* DIRECTIONS
Write out word for word each line from the top of the material through the line that has "网上期货直播平台可信吗(网上". Pictures do not go in.

* RECORDED INFORMATION
Start of Block
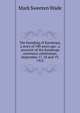 The founding of Kamloops, a story of 100 years ago . a souvenir of the Kamloops centenary celebration, September 17, 18 and 19, 1912, Mark Sweeten Wade 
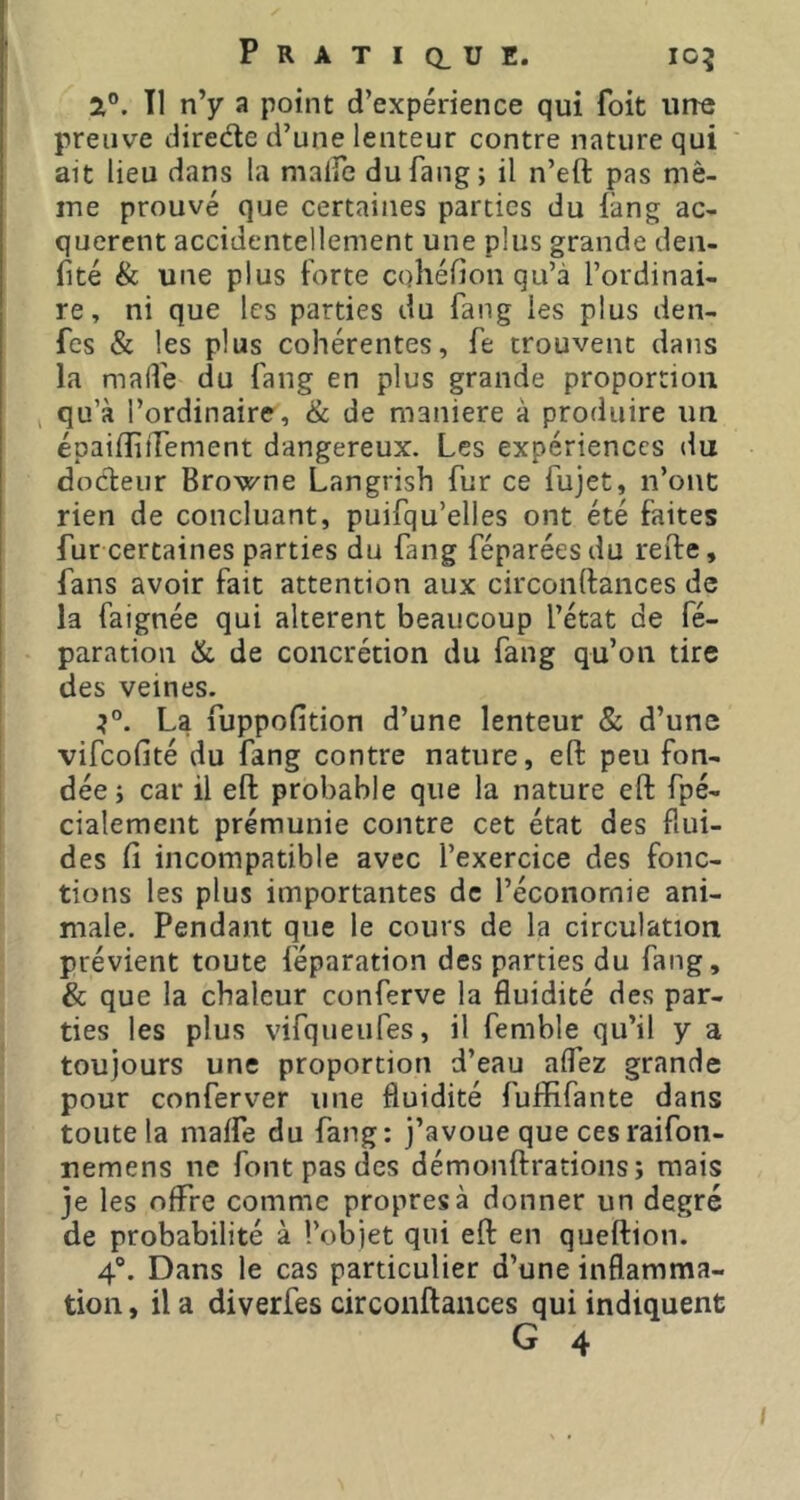 Tl n’y a point d’expérience qui foit une preuve diredle d’une lenteur contre nature qui ait lieu dans la malfe du fang; il n’eft pas mê- me prouvé que certaines parties du làng ac- querent accidentellement une plus grande den- fité & une plus forte cohéfion qu’à l’ordinai- re, ni que les parties du fang les plus den- fes & les plus cohérentes, fe trouvent dans la malfe du fang en plus grande proportion > qu’à l’ordinaire, & de maniéré à produire un épailîitTement dangereux. Les expériences du dodeur Browne Langrish fur ce fujet, n’ont rien de concluant, puifqu’elles ont été faites fur certaines parties du fang féparéesdu refte, fans avoir fait attention aux circonftances de la faignée qui altèrent beaucoup l’état de fé- paration & de concrétion du fang qu’on tire des veines. La fuppofition d’une lenteur & d’une vifeofité du fang contre nature, eft peu fon- dée; car il eft probable que la nature eft fpé- cialement prémunie contre cet état des flui- des ft incompatible avec l’exercice des fonc- tions les plus importantes de l’économie ani- male. Pendant que le cours de la circulation prévient toute féparation des parties du fang, & que la chaleur conferve la fluidité des par- ties les plus vifqueufes, il femble qu’il y a toujours une proportion d’eau alfez grande pour conferver une fluidité fuffifante dans toute la malfe du fang; j’avoue que cesraifon- nemens ne font pas des démonftratioiis; mais je les offre comme propres à donner un degré de probabilité à l’objet qui eft en queftion. 4®. Dans le cas particulier d’une inflamma- tion , il a diverfes circonftances qui indiquent G 4 I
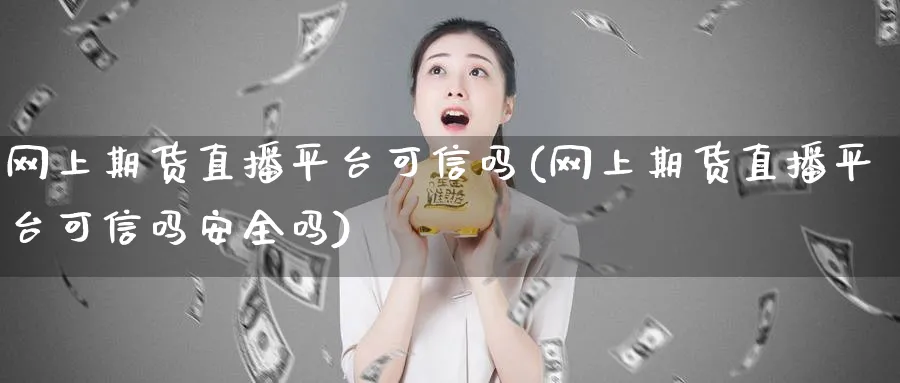 网上期货直播平台可信吗(网上期货直播平台可信吗安全吗)_https://cj.meihuadianqi.com_财经行情_第1张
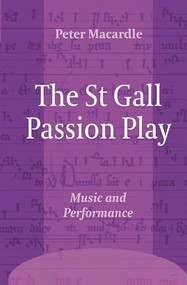 The St Gall Passion Play (Music and Performance) by Peter MacArdle, 9789042023468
End of Block
* WRITTEN ANSWER
 The founding of Kamloops, a story of 100 years ago . a souvenir of the Kamloops centenary celebration, September 17, 18 and 19, 1912, Mark Sweeten Wade 
 Tl n’y a point d’expérience qui foit une preuve diredle d’une lenteur contre nature qui ait lieu dans la malfe du fang; il n’eft pas mê- me prouvé que certaines parties du làng ac- querent accidentellement une plus grande den- fité & une plus forte cohéfion qu’à l’ordinai- re, ni que les parties du fang les plus den- fes & les plus cohérentes, fe trouvent dans la malfe du fang en plus grande proportion > qu’à l’ordinaire, & de maniéré à produire un épailîitTement dangereux. Les expériences du dodeur Browne Langrish fur ce fujet, n’ont rien de concluant, puifqu’elles ont été faites fur certaines parties du fang féparéesdu refte, fans avoir fait attention aux circonftances de la faignée qui altèrent beaucoup l’état de fé- paration & de concrétion du fang qu’on tire des veines. La fuppofition d’une lenteur & d’une vifeofité du fang contre nature, eft peu fon- dée; car il eft probable que la nature eft fpé- cialement prémunie contre cet état des flui- des ft incompatible avec l’exercice des fonc- tions les plus importantes de l’économie ani- male. Pendant que le cours de la circulation prévient toute féparation des parties du fang, & que la chaleur conferve la fluidité des par- ties les plus vifqueufes, il femble qu’il y a toujours une proportion d’eau alfez grande pour conferver une fluidité fuffifante dans toute la malfe du fang; j’avoue que cesraifon- nemens ne font pas des démonftratioiis; mais je les offre comme propres à donner un degré de probabilité à l’objet qui eft en queftion. 4®. Dans le cas particulier d’une inflamma- tion , il a diverfes circonftances qui indiquent G 4 I
 网上期货直播平台可信吗(网上期货直播平台可信吗安全吗)_https://cj.meihuadianqi.com_财经行情_第1张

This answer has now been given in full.